The contract owner chooses the payout option at annuitization. The options trade monthly income against beneficiary protection.
| Option | Payments | Beneficiary Protection | Relative Monthly Amount |
|---|---|---|---|
| Life only (straight life) | For life of annuitant | None | Largest |
| Life with period certain | For life OR minimum period (e.g., 10 years), whichever is longer | Beneficiary receives remaining certain-period payments if annuitant dies within the period | Smaller than life only |
| Joint and survivor | Over two lives (e.g., spouses) | Continues to survivor until second death | Smallest (two lives) |
| Unit refund | For life; if annuitant dies before recovering account value, balance paid to beneficiary | Refund of unrecovered amount | Between life only and period certain |
Exam Tip: Gotchas
- Life only (straight life) produces the largest monthly payment. Why? Because the insurer bears no post-death payment risk. No beneficiary protection equals maximum monthly amount.
- Joint and survivor produces the smallest monthly payment because the insurer has to plan for two potential lifetimes. Paired with lower risk to the survivor.
What riders are available on variable annuities?
Variable annuities bundle investment performance with several insurance guarantees. Riders cost extra and are underwritten separately.
Minimum death benefit (standard):
- Typically the greater of:
- Account value at death, or
- Total premiums paid (less withdrawals)
- Enhanced death benefit riders are available for additional cost
Living benefits (available via rider, for extra cost):
| Rider | What It Guarantees |
|---|---|
| Guaranteed Minimum Income Benefit (GMIB) | Minimum income floor at annuitization |
| Guaranteed Minimum Withdrawal Benefit (GMWB) | Minimum annual withdrawal regardless of account performance |
| Guaranteed Lifetime Withdrawal Benefit (GLWB) | Lifetime withdrawal guarantee |
| Guaranteed Minimum Accumulation Benefit (GMAB) | Account value floor at a specified future date |
Waiver of premium:
- Rider that waives future premium payments if the contract owner becomes disabled
Exam Tip: Gotchas
- Living-benefit riders guarantee a MINIMUM, not a cap.
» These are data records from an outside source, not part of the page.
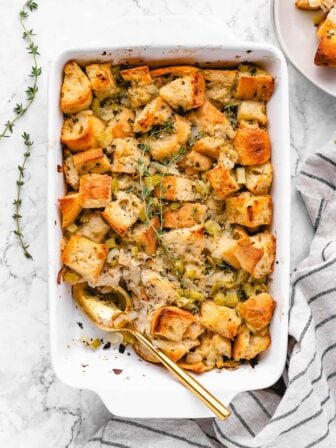 vegan stuffing in a casserole dish with a spoon and a scoop taken out
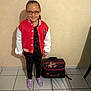 Kimberley a rejoint le concours — aidez-le/la à gagner de superbes lots ! backpack, black_clothing, casual_wear, child, cute, footwear, girl, glasses, home, indoor, person, ready, red_jacket, school_bag, shadow, smile, standing, tile_floor, wall, young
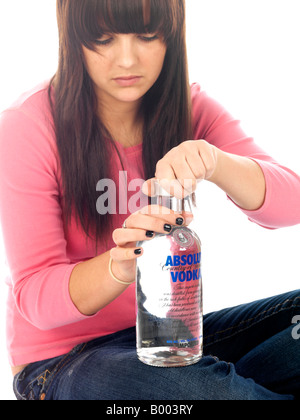 Junge Minderjährige Teenager sitzen auf dem Boden allein Erleben zugefügt Alkoholmissbrauch Alkohol trägt ein rosa Top und Blue Denim Jeans Stockfoto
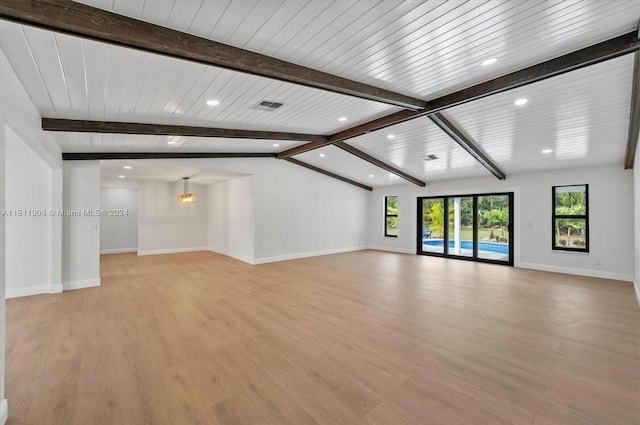 15763 Alexander Run, Jupiter, FL 33478 - unfurnished living room featuring recessed lighting, beam ceiling, light wood-style flooring, and baseboards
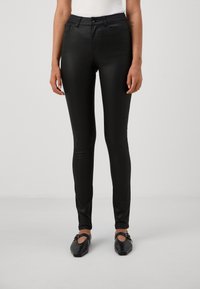 Svarta, stretchiga byxor med smal passform, som har framfickor och en slät, glänsande yta. Bärs med platta, svarta skor.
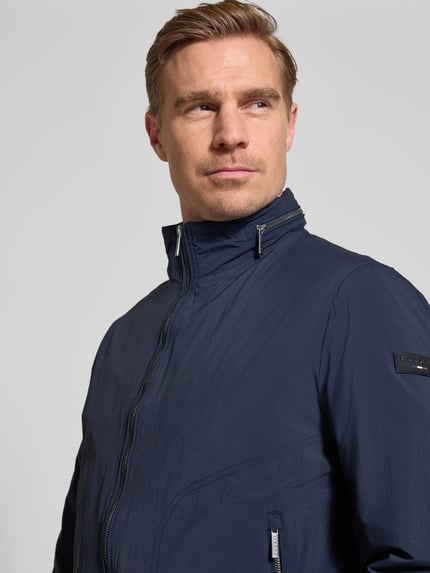 Männermodel trägt Regular Fit Jacke mit Stehkragen von bugatti in Dunkelblau mit Zweiwege-Reißverschluss, Logo-Detail, Nahaufnahme Oberkörper.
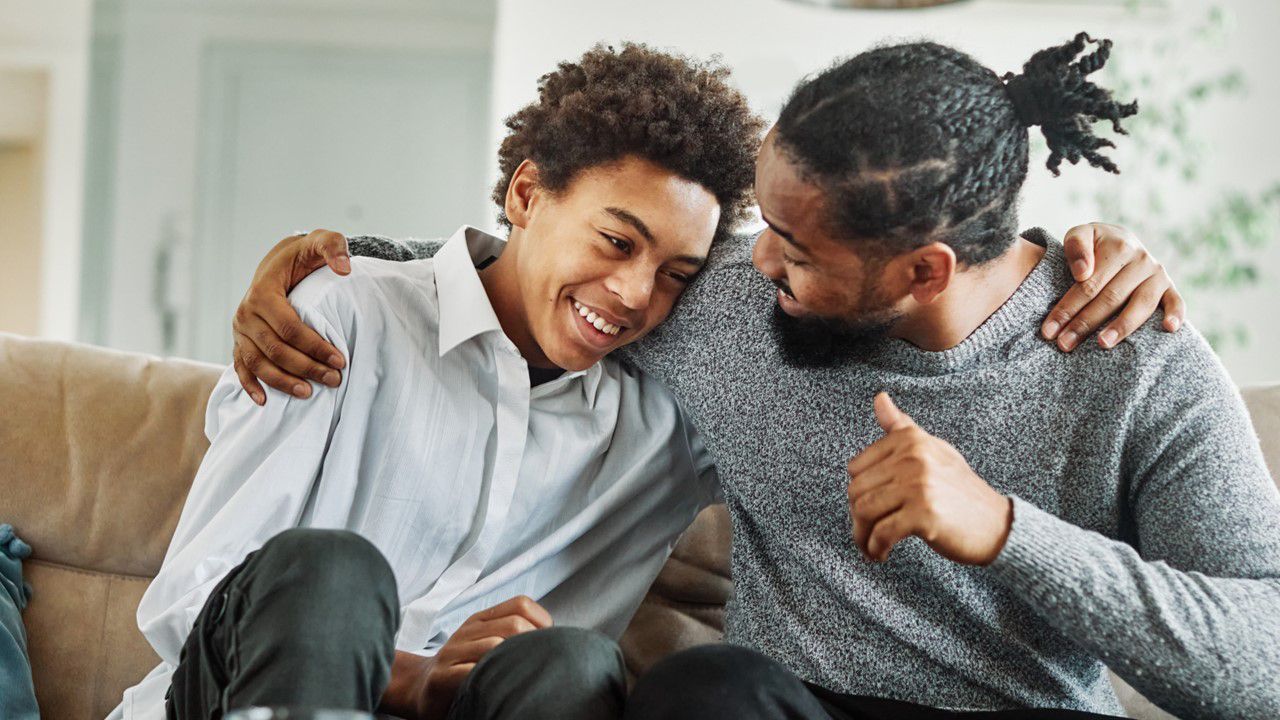 Young man and older man hugging in support while sitting on a couch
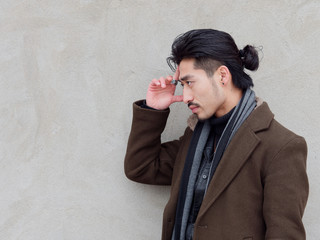 Portrait of Chinese young mustached man put his hand on his forehead with gray wall background,...
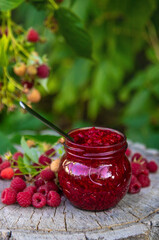 Raspberry jam in the garden. Selective focus.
The contract owner still gets the upside of strong separate-account performance; the rider kicks in only if performance is weak.
- Riders are optional and priced separately. The customer pays for each rider through ongoing fees that are not part of the base Mortality and Expense (M&E) charge.
How does variable life insurance work?
Variable life insurance is permanent life insurance with separate-account cash value.
- Minimum guaranteed death benefit: paid from the insurer's general account regardless of separate account performance
- Cash value fluctuates with investment performance; typically no guaranteed minimum cash value
- Sales-charge cap (ICA Section 27): front-end sales charges on variable life limited to 9% over 20 years (averaged); actual first-year charges may be higher
- Free look period:
- State insurance law typically grants 10 days
- Federal rule extends to 45 days for variable life where the policy is mailed
- During free look, the purchaser may cancel and receive a refund
Exam Tip: Gotchas
- Variable life guarantees a minimum death benefit but does NOT guarantee a minimum cash value. The cash value fluctuates with the separate account; it could in theory go to zero if performance is bad enough.
- Free look period is 10 days at state level, 45 days federal for mailed variable life policies. The free look runs from the date of receipt, not the date of purchase.
What fees does a variable annuity charge?
Variable annuities layer multiple ongoing charges.
| Charge | Description | Typical Range |
|---|---|---|
| Mortality and Expense (M&E) | Ongoing asset-based fee covering insurance risk and administrative expenses | 1.25% to 1.40% per year |
| Administrative | Fixed annual dollar fee plus asset-based fee | Varies |
| Surrender charges (CDSC) | Back-end charge on withdrawals during surrender period | 6-8 year schedule, declining |
| Rider fees | Charges for living-benefit and enhanced death-benefit riders | Additional per rider |
| Sub-account expense ratios | Each sub-account has its own expense ratio (like a mutual fund) | Varies |
Right of Accumulation (ROA):
- Breakpoint-style aggregation across variable annuity purchases within the same contract or family
Immediate annuity:
- Annuitization begins immediately upon purchase (typically with a single-premium payment)
- No accumulation phase
Exam Tip: Gotchas
- Variable annuity total cost stacks multiple fees. M&E + admin + sub-account expense ratio + rider fees can easily exceed 2.5% per year. This is why suitability analysis is so important for variable annuities.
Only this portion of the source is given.